However, in Psalm 50:12-14, God says, "Were I hungry, I would not tell you, for Mine is the world and all it holds. Do I eat the flesh of bulls, or drink the blood of he-goats? Sacrifice a thank offering to God, and pay your vows to the Most High." In Jewish tradition, sacrifices were not food for God. God does not eat flesh or drink blood, and even if God did hunger for anything at all, it is arrogant for humans to presume the power to slake it. In I Chronicles 29:14?15, we read, "For all is from You, and it is Your gift that we have given to You. For we are sojourners with You, mere transients. . . ." Even that which human beings give is taken from God's world in order to give, the same way a child borrows money from his or her mother to buy her a present. It is not the gift that God demands, for everything is God's, but rather it is the honor humans give through loving obedience.
"It is a burnt offering to the Eternal . . ." (Exodus 29:18). The burning of the sacrifice was wholly unique to Israelite culture. There was no idol in the sanctuary to which to offer a meal. It was taken out of man's world and irrevocably offered into God's world. Through the act of burning offerings, the Israelite conception of God moved away from corporeality and toward a sophisticated sense of a multidimensional universe being with less tangible realities. The act of burning transferred the offering to the realm of the ethereal, transitioning the God-concept from concrete to abstract.
Along with the uniqueness of the burnt offering was the Israelite preoccupation with the blood offering. In our Torah portion, it is written, "Take its blood and dash it against all sides of the altar" (Exodus 29:16) and "Take some of the blood that is on the altar . . . and sprinkle upon Aaron and his vestments . . ." (Exodus 29:21). In Leviticus 17:11-14, we read, "The life of the flesh is in the blood, and I have assigned it to you for making expiation for your lives upon the altar; it is the blood, as life, that effects expiation."

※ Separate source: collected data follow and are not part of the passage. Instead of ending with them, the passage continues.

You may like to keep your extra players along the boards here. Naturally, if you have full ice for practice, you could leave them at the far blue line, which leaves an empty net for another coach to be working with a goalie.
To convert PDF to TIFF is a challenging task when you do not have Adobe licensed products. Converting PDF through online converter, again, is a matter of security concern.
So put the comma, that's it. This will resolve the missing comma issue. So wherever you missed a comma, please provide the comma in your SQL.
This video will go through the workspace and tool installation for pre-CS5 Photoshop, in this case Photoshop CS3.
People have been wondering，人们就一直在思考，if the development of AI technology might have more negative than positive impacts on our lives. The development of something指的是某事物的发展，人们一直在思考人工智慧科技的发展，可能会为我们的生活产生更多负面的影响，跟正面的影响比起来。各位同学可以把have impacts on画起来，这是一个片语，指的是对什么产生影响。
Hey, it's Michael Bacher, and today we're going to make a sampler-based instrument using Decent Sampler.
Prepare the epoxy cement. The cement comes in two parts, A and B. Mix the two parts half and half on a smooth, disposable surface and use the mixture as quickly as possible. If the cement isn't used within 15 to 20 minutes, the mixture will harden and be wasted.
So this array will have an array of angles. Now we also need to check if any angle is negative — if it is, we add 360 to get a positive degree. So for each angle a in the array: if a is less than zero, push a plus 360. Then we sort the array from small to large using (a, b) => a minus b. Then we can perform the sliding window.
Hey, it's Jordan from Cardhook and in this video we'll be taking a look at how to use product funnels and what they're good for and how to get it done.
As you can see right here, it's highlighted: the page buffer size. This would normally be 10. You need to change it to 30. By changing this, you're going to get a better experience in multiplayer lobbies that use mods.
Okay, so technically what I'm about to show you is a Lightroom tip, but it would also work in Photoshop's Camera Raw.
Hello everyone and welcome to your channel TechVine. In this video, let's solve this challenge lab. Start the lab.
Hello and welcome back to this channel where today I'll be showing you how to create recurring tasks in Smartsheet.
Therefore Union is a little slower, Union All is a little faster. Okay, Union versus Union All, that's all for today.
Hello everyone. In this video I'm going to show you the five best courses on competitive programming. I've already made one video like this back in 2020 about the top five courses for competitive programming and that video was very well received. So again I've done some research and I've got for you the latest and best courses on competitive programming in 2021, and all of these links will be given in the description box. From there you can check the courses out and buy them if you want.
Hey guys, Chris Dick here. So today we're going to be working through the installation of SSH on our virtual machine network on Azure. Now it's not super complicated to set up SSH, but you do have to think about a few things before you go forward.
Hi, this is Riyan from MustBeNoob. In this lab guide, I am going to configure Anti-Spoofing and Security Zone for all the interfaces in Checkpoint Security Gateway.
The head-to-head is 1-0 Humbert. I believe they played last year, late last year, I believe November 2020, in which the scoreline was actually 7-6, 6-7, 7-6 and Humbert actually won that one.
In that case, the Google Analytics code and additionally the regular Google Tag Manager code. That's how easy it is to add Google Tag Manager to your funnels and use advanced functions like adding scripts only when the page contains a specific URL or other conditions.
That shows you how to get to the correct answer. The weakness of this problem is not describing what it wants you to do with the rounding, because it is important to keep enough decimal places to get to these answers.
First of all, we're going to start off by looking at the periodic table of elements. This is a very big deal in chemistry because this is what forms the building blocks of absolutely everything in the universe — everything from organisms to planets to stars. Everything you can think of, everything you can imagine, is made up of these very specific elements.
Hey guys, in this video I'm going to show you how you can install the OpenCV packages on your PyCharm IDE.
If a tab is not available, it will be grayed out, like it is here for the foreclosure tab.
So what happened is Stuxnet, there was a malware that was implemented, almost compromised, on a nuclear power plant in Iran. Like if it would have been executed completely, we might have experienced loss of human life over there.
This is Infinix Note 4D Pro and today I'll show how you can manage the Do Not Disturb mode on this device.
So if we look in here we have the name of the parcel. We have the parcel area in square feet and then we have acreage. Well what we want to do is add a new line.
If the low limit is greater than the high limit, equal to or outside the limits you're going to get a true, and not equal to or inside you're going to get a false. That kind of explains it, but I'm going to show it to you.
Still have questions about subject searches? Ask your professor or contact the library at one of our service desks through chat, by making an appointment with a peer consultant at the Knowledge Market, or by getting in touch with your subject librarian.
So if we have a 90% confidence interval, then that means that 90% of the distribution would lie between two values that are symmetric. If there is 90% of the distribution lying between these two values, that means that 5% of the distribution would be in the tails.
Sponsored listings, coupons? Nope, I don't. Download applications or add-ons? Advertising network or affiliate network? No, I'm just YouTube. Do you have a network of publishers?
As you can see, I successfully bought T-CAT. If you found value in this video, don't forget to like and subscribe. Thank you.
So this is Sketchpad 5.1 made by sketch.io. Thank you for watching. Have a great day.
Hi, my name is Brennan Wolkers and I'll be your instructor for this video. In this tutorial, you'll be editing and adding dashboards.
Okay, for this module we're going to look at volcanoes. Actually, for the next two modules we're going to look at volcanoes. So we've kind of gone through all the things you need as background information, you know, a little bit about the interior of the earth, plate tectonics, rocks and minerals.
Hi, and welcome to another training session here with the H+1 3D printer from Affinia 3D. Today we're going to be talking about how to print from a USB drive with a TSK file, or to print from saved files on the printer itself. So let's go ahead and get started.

The very life-principle, according to Israelite thought, is contained in the blood. It is the very elixir of being. Therefore, it is considered repulsive to eat it and of the highest crime to shed it. It is the miraculous ingredient that enables life to open its eyes and interact with the world, and so it is given special attention in the sacrificial system. It is dashed on the altar, rubbed on the sides, speckled on the curtains, sprinkled on the priests. It is the essence of the sacrifices. The God of Life is not honored with the death of an animal, but rather, with the offering up of its life-principle. In prayer, we offer up our awe-filled appreciation for the miraculous gift of life, for the secret of life that courses through us in our blood. I believe all that dashing, rubbing, speckling, and sprinkling, though gruesome to think about, was actually an attempt to break open the blood and release the life-principle. Just as we rub a sprig of mint to release a fragrance, so too the ancient Israelites rubbed and dashed the blood, to express their desire to reconnect that life-principle with its eternal source.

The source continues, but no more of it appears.